(Exercise brief): Write out the records once more, exactly, and keep any image out.

━━━━━ Supplied entries

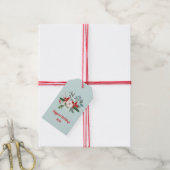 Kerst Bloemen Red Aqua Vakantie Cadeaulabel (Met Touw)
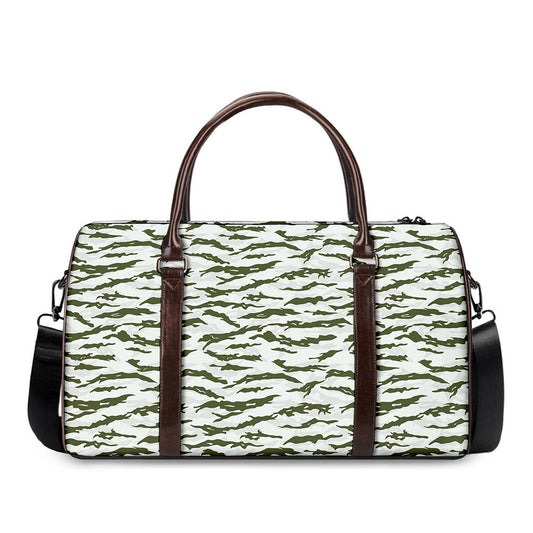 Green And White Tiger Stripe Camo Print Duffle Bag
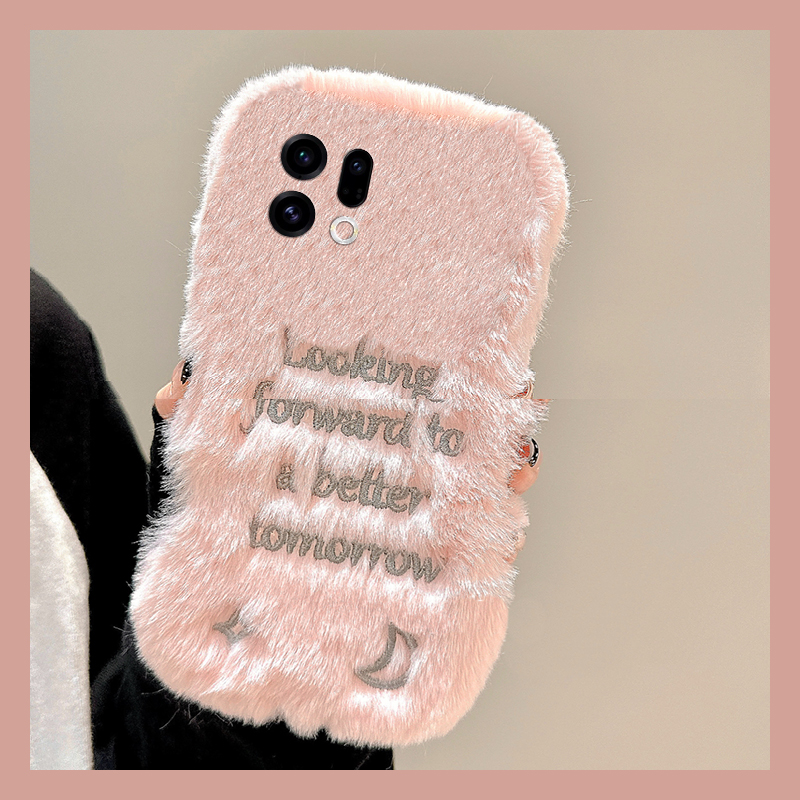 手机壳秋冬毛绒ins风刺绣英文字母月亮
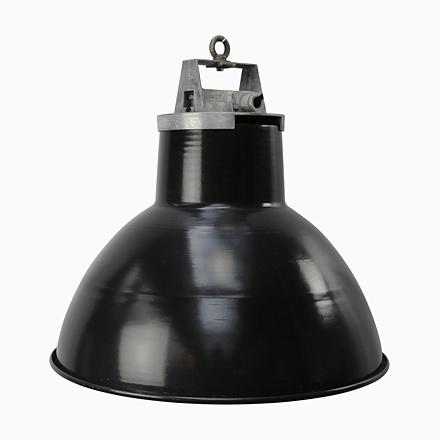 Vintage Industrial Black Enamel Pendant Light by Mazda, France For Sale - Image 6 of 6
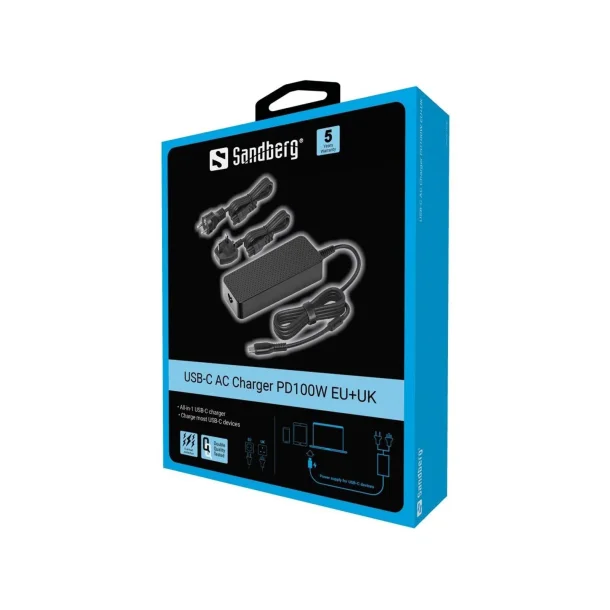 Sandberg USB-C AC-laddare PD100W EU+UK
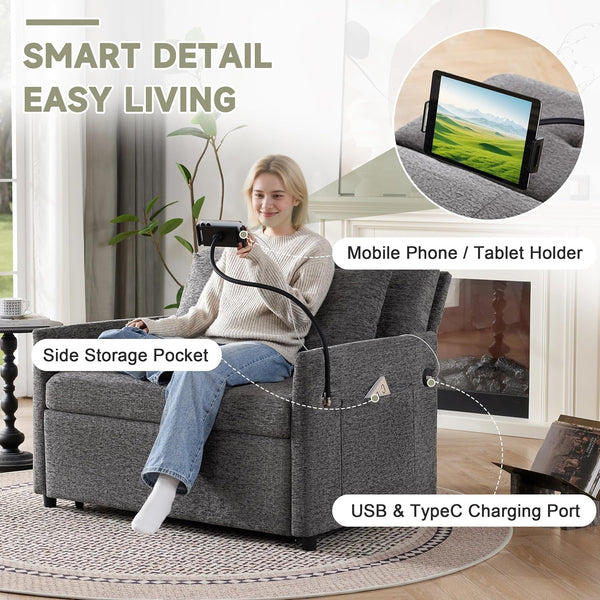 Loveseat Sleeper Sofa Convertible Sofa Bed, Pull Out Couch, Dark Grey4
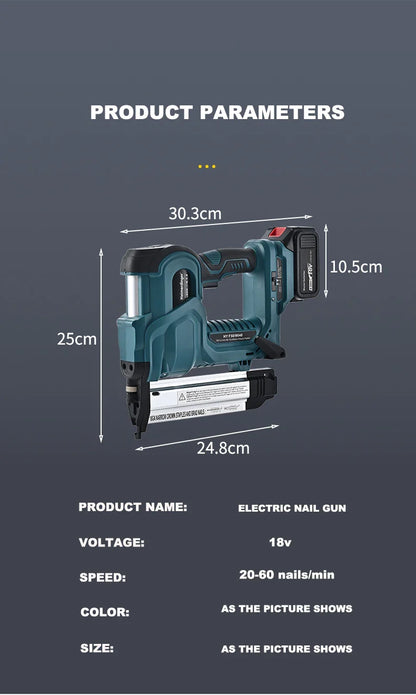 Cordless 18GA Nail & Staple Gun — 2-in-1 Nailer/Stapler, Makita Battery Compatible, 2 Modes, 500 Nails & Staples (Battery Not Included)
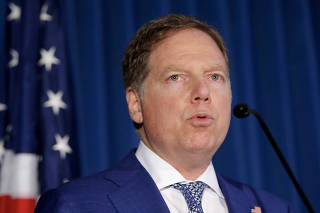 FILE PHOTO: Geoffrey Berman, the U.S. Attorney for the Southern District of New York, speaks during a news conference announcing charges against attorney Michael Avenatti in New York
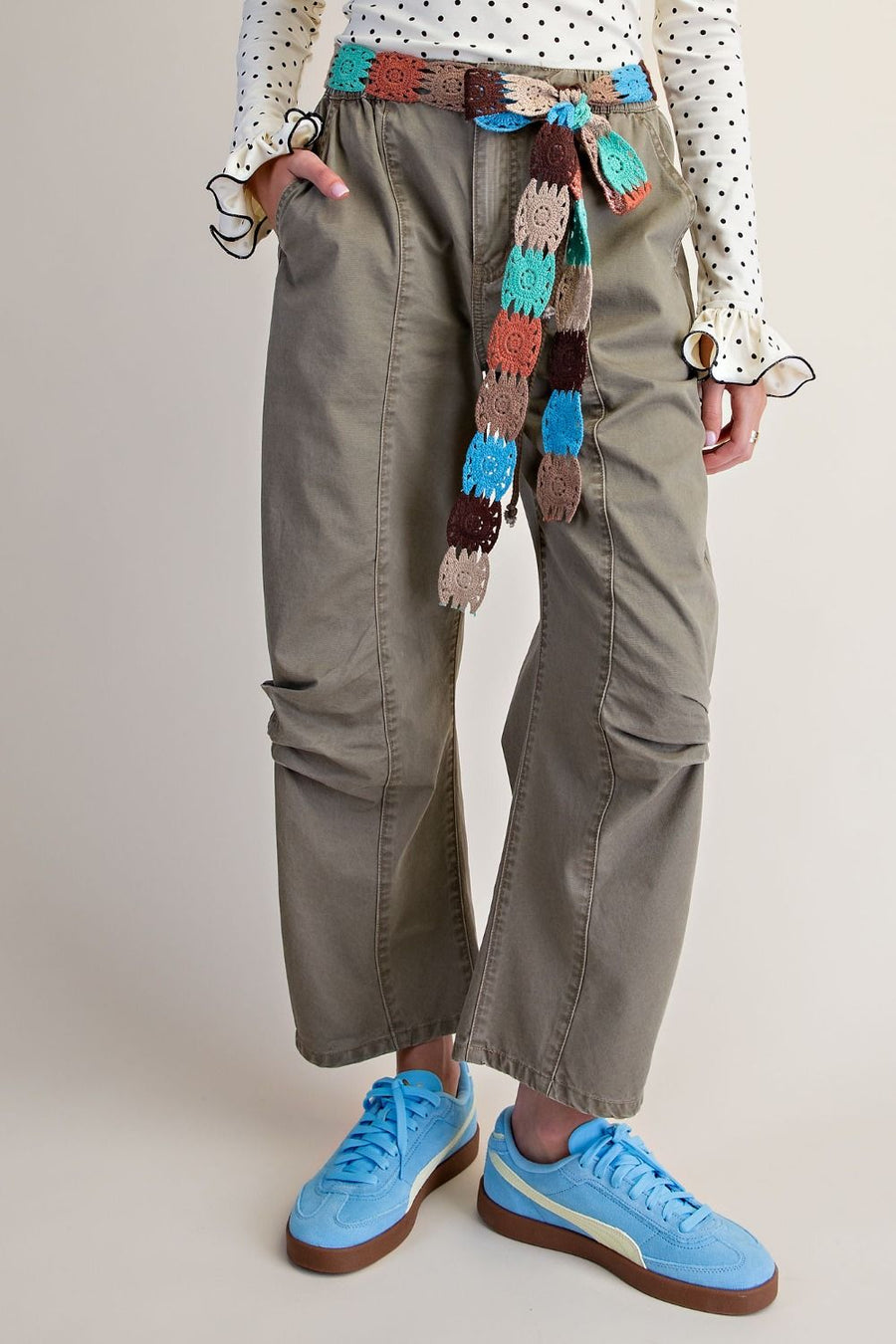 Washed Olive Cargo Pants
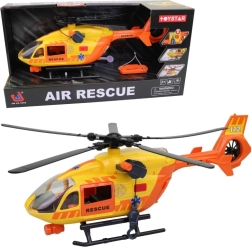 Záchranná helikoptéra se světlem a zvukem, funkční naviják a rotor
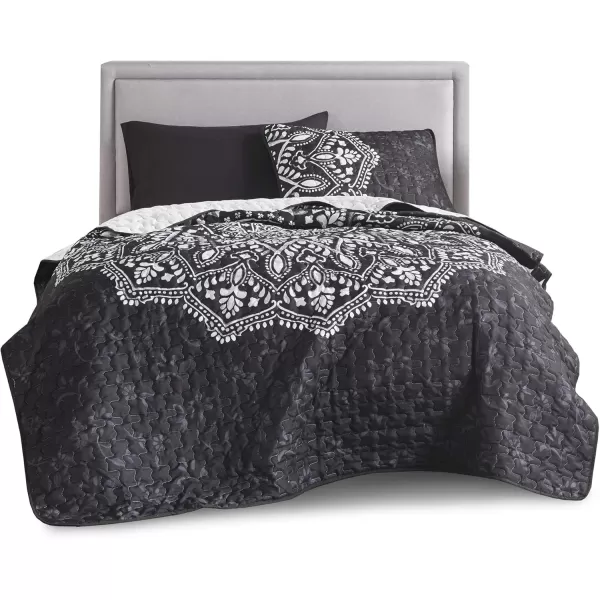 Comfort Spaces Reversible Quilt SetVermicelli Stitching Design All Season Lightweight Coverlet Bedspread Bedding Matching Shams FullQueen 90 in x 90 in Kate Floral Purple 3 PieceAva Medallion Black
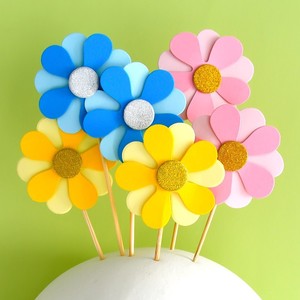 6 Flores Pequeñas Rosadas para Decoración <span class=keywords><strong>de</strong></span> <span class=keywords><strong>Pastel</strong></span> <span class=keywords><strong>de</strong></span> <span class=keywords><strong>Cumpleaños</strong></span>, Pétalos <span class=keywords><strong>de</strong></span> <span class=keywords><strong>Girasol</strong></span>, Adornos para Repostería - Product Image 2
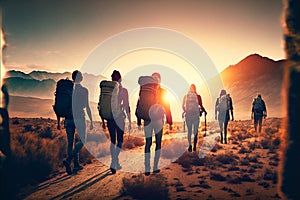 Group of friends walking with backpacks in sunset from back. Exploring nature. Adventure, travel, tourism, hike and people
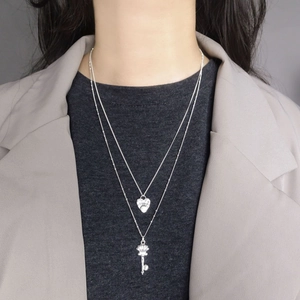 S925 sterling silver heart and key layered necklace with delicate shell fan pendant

━━━━━━━━━━

(Completed task):
 Kerst Bloemen Red Aqua Vakantie Cadeaulabel (Met Touw)
 Green And White Tiger Stripe Camo Print Duffle Bag
 手机壳秋冬毛绒ins风刺绣英文字母月亮
 Vintage Industrial Black Enamel Pendant Light by Mazda, France For Sale - Image 6 of 6
 Sandberg USB-C AC-laddare PD100W EU+UK
 Loveseat Sleeper Sofa Convertible Sofa Bed, Pull Out Couch, Dark Grey4
 Cordless 18GA Nail & Staple Gun — 2-in-1 Nailer/Stapler, Makita Battery Compatible, 2 Modes, 500 Nails & Staples (Battery Not Included)
 FILE PHOTO: Geoffrey Berman, the U.S. Attorney for the Southern District of New York, speaks during a news conference announcing charges against attorney Michael Avenatti in New York
 Washed Olive Cargo Pants
 Záchranná helikoptéra se světlem a zvukem, funkční naviják a rotor
 Comfort Spaces Reversible Quilt SetVermicelli Stitching Design All Season Lightweight Coverlet Bedspread Bedding Matching Shams FullQueen 90 in x 90 in Kate Floral Purple 3 PieceAva Medallion Black
 6 Flores Pequeñas Rosadas para Decoración <span class=keywords><strong>de</strong></span> <span class=keywords><strong>Pastel</strong></span> <span class=keywords><strong>de</strong></span> <span class=keywords><strong>Cumpleaños</strong></span>, Pétalos <span class=keywords><strong>de</strong></span> <span class=keywords><strong>Girasol</strong></span>, Adornos para Repostería - Product Image 2
 Group of friends walking with backpacks in sunset from back. Exploring nature. Adventure, travel, tourism, hike and people
 S925 sterling silver heart and key layered necklace with delicate shell fan pendant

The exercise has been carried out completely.